WHAT THE TASK REQUIRES:
Return an exact copy of the lines from the one holding "un pinceau blanc" to the end of the data, including both the starting and final lines. Leave the pictures out.

SOURCE DATA:
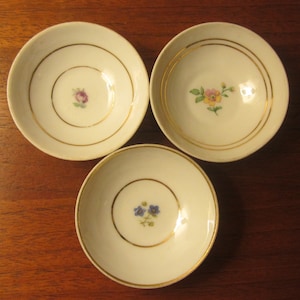 Może przedstawiać: Trzy małe białe porcelanowe talerzyki z pozłacanymi brzegami i kwiatowymi wzorami. Talerzyki mają pojedynczy kwiat w środku, każdy w innym schemacie kolorystycznym.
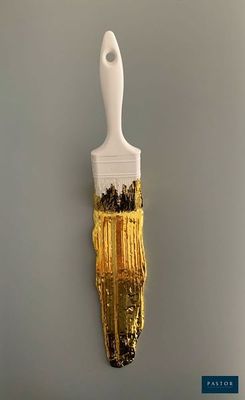 un pinceau blanc avec de la peinture dorée sur un mur gris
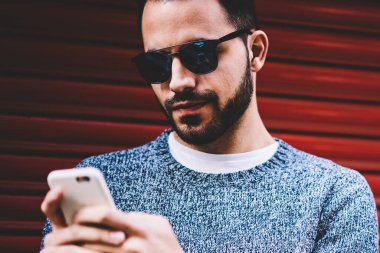 Kentsel ayarları arka plan, serbest zaman açık havada harcama hücresel güncelleştirme uygulama bildirimini kontrol hipster adam akıllı telefon ayakta gönderen metin iletisi sohbet yakışıklı genç adam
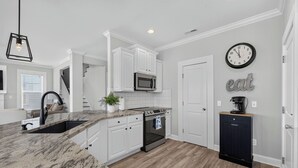 A modern kitchen with white cabinetry, a stainless steel microwave, a built-in oven, and a coffee maker on a wooden cabinet.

SOLUTION FOR THIS TASK:
 un pinceau blanc avec de la peinture dorée sur un mur gris
 Kentsel ayarları arka plan, serbest zaman açık havada harcama hücresel güncelleştirme uygulama bildirimini kontrol hipster adam akıllı telefon ayakta gönderen metin iletisi sohbet yakışıklı genç adam
 A modern kitchen with white cabinetry, a stainless steel microwave, a built-in oven, and a coffee maker on a wooden cabinet.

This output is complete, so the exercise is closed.